Заметьте, Казанова, ловко управляющийся с финансами, постоянно путается в деньгах разных стран. Дело в том, что флорины, дукаты, гинеи, цехины и т. п. повсюду были в ходу, так как золото — везде золото. Этот простой урок должен дать пищу для размышления нам, восстановившим только что былую денежную общность Европы, и сделать нас скромнее.
Вечный любовник, искусный соблазнитель, шарлатан высокого полета, Казанова благодаря поразительному жизнелюбию, как мог бы написать о нем Дидро, постоянно меняясь и «не походя на самого себя», служит иллюстрацией своему веку. Ибо Джакомо еще и философ, к тому же из самых глубоких, умудренных чтением Спинозы и смело критикующий своих современников (Гельвеция, Гольбаха, не говоря уж о Вольтере).
И в то же время он не «философ», в том смысле, в каком понимают это наши историки литературы. Но он и не плут чистейшей воды на манер Сен-Жермена[57]. По большому счету, он не совсем «то» и не совсем «это». Он и «то», и «это» и отражает поразительную свободу, пестроту, фантазию века, оплодотворенного его собственными противоречиями.
Казанова еще не закончил разговаривать с нами, расспрашивать нас о самих себе и нашем веке, о наших убеждениях и о том, что составляет нашу гордость.

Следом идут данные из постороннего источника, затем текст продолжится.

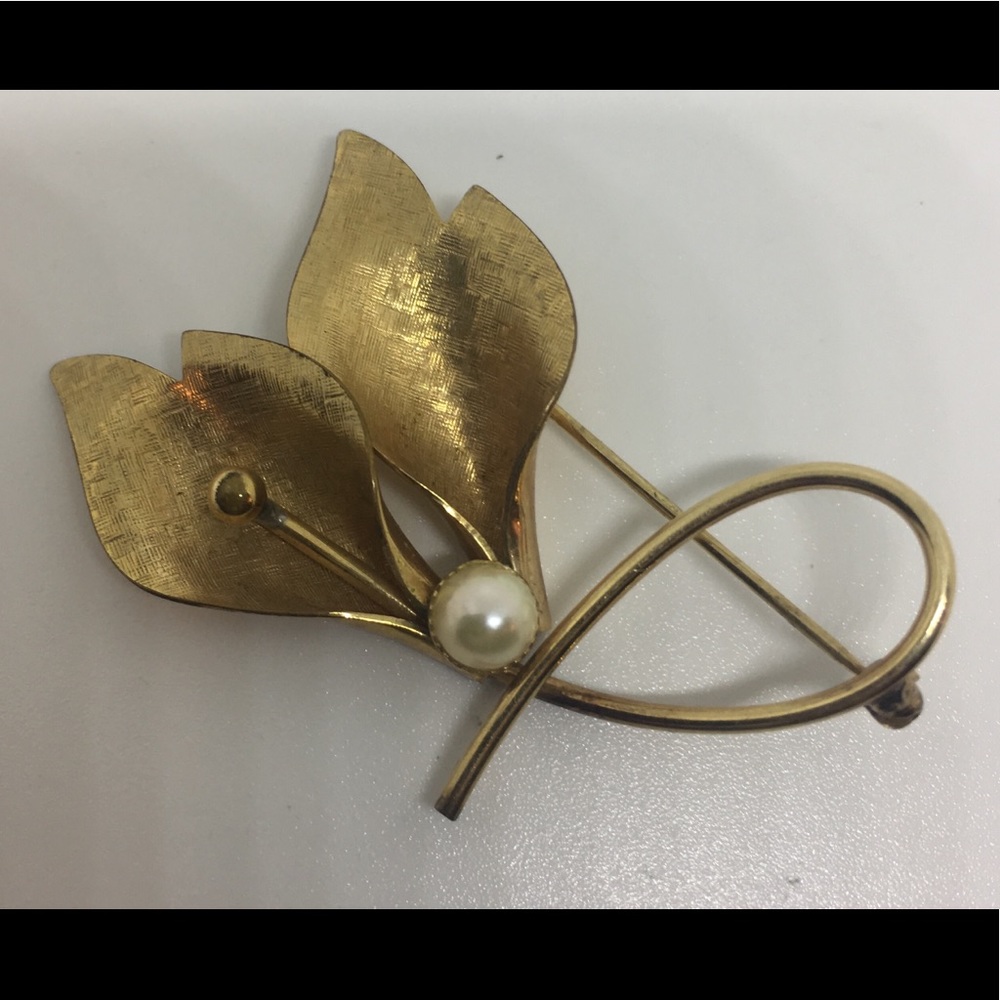 Vintage Signed Winard Brooch 12K G.F.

Сегодня мы испытываем нашествие новой силы — всемогущего «либерализма», как правило, протестантского и англосаксонского происхождения, — последыша прагматических теорий Гобса[58] и Локка[59], которые уже тогда, в эпоху Просвещения, имели большое влияние на умы.

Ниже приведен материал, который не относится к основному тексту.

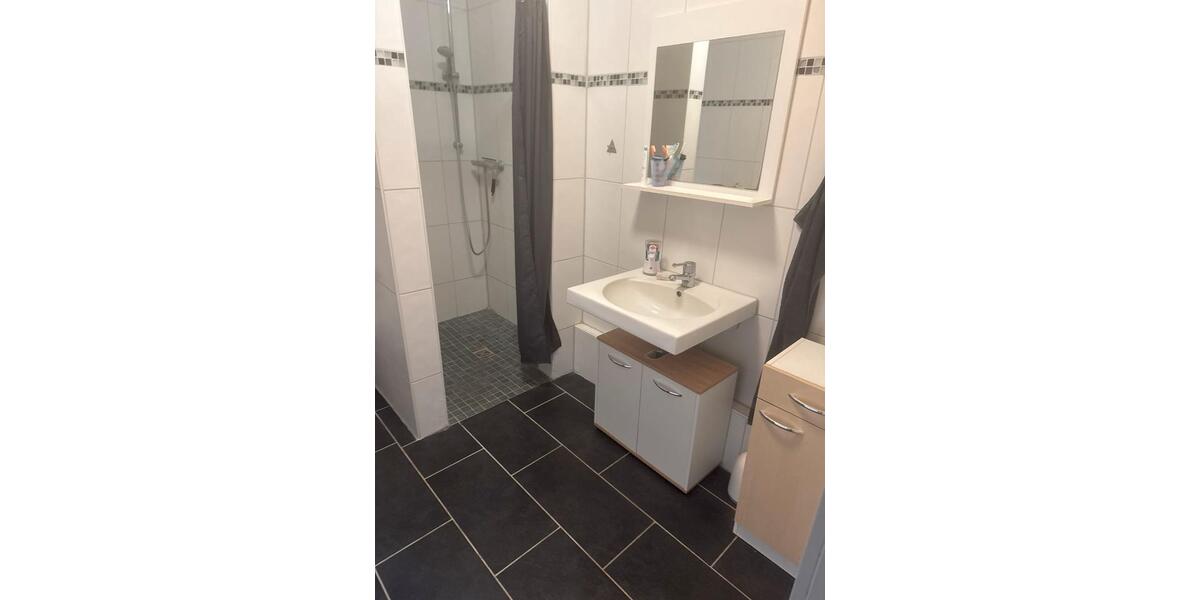 Wohnen auf Zeit Emden Tholenswehr - 1 Zimmer, 24 m&sup2;, 400&euro; | Angebot:25783418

Подобно солдатам Кортеса, грабящим и убивающим с именем Христа на устах, новые конкистадоры выступают под знаменем Прав человека, будучи, как они утверждают, на службе индивидума. Но о каком «индивидуме» идет речь? На что похоже это «я», существующее лишь в зависимости от того, что оно производит, потребляет, сберегает? Которое вскоре будет общаться только по мобильному телефону и Интернету? Которое истекает потом и кровью, чтобы выбиться в некую абстрактную статистическую единицу, как будто в этом залог его грядущего спасения?

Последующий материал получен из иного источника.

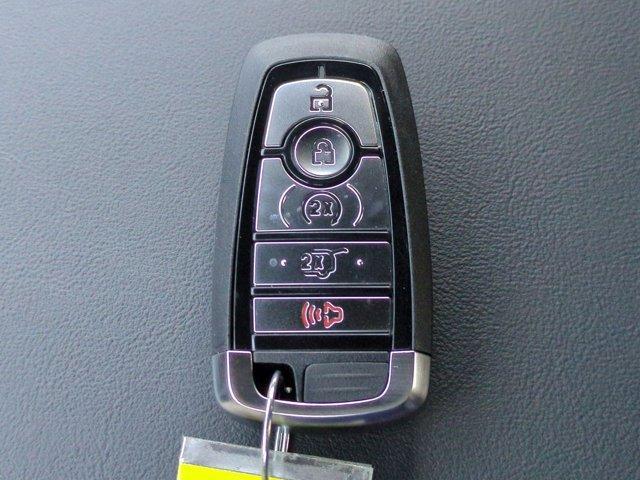 Photo of 2025 White Ford Explorer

Казанова позволил мне хотя бы на время удалиться от этого мира. Он осуждал Робеспьеров, Сен-Жюстов и Бонапартов со всеми революционными потрясениями вместе взятыми. Я же оплакиваю то потрясение, которое мы переживаем в данный момент и которое, без всяких сомнений, является последним и радикальным последствием тех событий. И оттого я ощущаю себя в совершенном родстве с персонажем «Мемуаров»: он был для меня большим, чем просто главный герой романа.
Внезапно меня осенила, по правде сказать, весьма неприятная мысль: а ведь сегодня Казанове, несмотря на всю его ловкость, энергию и храбрость, не сбежать бы из Пьомби. В одном по крайней мере наш век неоспоримо впереди по отношению ко всему прошлому человечества: тюремные решетки прочны как никогда. Особенно те, что не видны.
Но предоставим Джакомо право… не завершать. Дадим слово нашему обольстителю, если слово хоть что-то еще значит…
Мстительный попугай[60]
По прошествии нескольких дней, отправившись от нечего делать на прогулку, я проходил мимо так называемого Рынка попугаев. Было забавно наблюдать этих любопытных птиц, одна из которых, желтой окраски, сидела в хорошенькой клеточке и привлекла мое внимание. Я спросил, на каком языке она говорит. На что мне ответили, что это очень молодой попугай и не говорит вовсе. Я купил его за десять гиней. Желая обучить его чему-нибудь из ряда вон, я поставил клетку рядом со своей постелью и по сто раз на дню повторял: «Шарпийон большая потаскуха, чем ее мать».
Я не преследовал никакой цели, просто развлекался, и через две недели птица уже повторяла эту фразу с уморительной точностью, сопровождая ее всякий раз хохотом — этому я ее не учил, но от души веселился вместе с нею.